Bassam Abu Sharif è stato recentemente in Italia per testimoniare, in merito al caso Moro, davanti alla commissione parlamentare. «Ci siamo rivolti a tutte le fonti possibili - rievoca Fabio De Palo, magistrato nel Tribunale di Roma - e ora ci rivolgiamo anche a lui». È possibile che, negli anni successivi alla strage di Monaco del ’72 e cinque anni prima del sanguinoso raid di Fiumicino e del sequestro in Mediterraneo della nave da crociera Achille Lauro, con (23 morti in aeroporto, un attentatore palestinese catturato e ora all’ergastolo mentre sulla Achille Lauro fu ucciso un invalido di origine ebrea gettato in mare dai terroristi), il dossier su Graziella De Palo e Italo Toni sia stato esaminato anche dalla ristretta cerchia di collaboratori di Arafat.

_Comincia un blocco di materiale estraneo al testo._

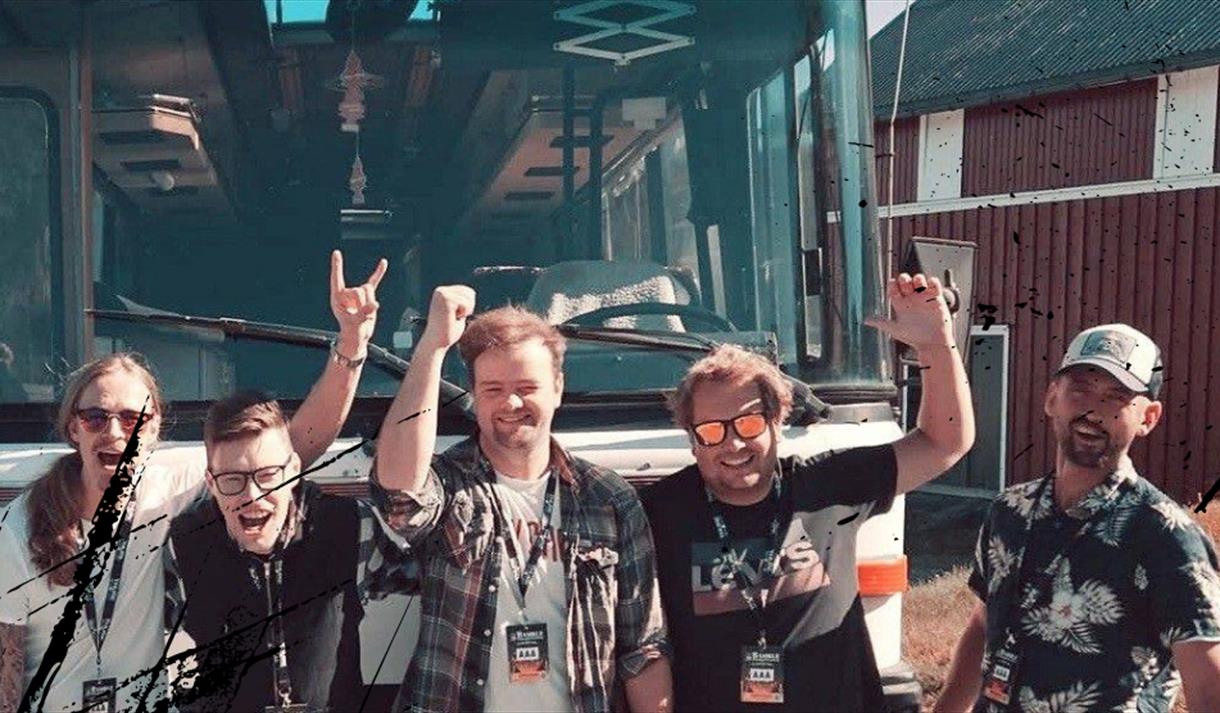 5 menn foran en buss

E Bassam Abu Sharif era uno di loro. «A lui vorremmo chiedere - concludono i familiari di Graziella De Palo - di aiutarci a trovare il luogo dove furono sepolti Graziella e Italo Toni». Non una parola di più.

Secondo una recente testimonianza di un ex collaboratore del Sismi che prestò servizio sotto il comando del colonnello Stefano Giovannone, capocentro in Libano, la nostra Intelligence già nelle prime ore dopo la scomparsa dei due giornalisti era perfettamente a conoscenza di cosa era realmente avvenuto. L’allora ambasciatore a Beirut, Stefano D’Andrea, aveva infatti inviato un rapporto riservato alla Farnesina in cui erano indicati, in modo preciso e circostanziato, gli scenari di quello che veniva definito un sequestro concluso con una doppia «esecuzione». Rapporto volutamente archiviato in uno dei tanti «armadi della vergogna», in una istituzione allora infiltrata da elementi della P2 di Licio Gelli, ma acquisito nell’indagine giudiziaria del pubblico ministero Giancarlo Armati che aveva poi condotto all’arresto per depistaggio nelle ricerche dei due giornalisti dello stesso Giovannone.

De Palo e Toni, una volta arrivati a Beirut il 28 agosto con un volo messo a disposizione dall’agenzia romana dell’Olp, avevano informato l’ambasciata che sarebbero andati a visitare un presidio avanzato dell’Olp e che, se non fossero rientrati entro l’ora convenuta, l’ambasciata avrebbe dovuto attivarsi per ritrovarli. Entrambi ospiti dell’albergo Triumph, che faceva parte della rete logistica dell’Olp, erano consapevoli dei pericoli che stavano correndo in seguito ai servizi pubblicati nei mesi precedenti su traffico d’armi dal Medio Oriente all’Europa e sull’esistenza di campi di addestramento di terroristi, tra gli altri, anche di Eta, Ira, Rote Armee Fraktion e Brigate Rosse. Si temeva avessero rapporti con i Servizi Usa e britannici. Il loro contatto, un addetto alla reception, si rivelò un miliziano del Fronte Popolare di Liberazione della Palestina (Fplp), il gruppo terrorista guidato da George Habbash.

Tra le ipotesi in campo, la più probabile è che i rapitori fossero gli stessi miliziani che erano andati a prelevarli quella mattina, all’hotel Triumph. Furono trasferiti in un fabbricato che faceva da base alle frange militarizzate ed estremiste palestinesi, probabilmente interrogati e quindi uccisi. I loro corpi infine sepolti, secondo un’ipotesi recentemente confermata anche nella testimonianza dell’ex collaboratore del Sismi, in uno dei tanti cantieri edili che sorgevano a decine ogni giorno in quella città devastata da attentati e bombardamenti. Ma dove esattamente? «Nessuno è stato mai in grado di dirlo - commenta amaro Fabio De Palo - adesso, 37 anni dopo, con il probabile smantellamento di quelle formazioni, chi sa qualcosa del luogo di sepoltura di Graziella e Italo Toni, potrebbe finalmente rivelarlo, anche in forma anonima, attraverso ogni forma di comunicazione protetta. Nostra madre vive nella speranza di portare un fiore sulla tomba di Graziella e di riportarne i resti in Italia. Non vogliamo altro che questo».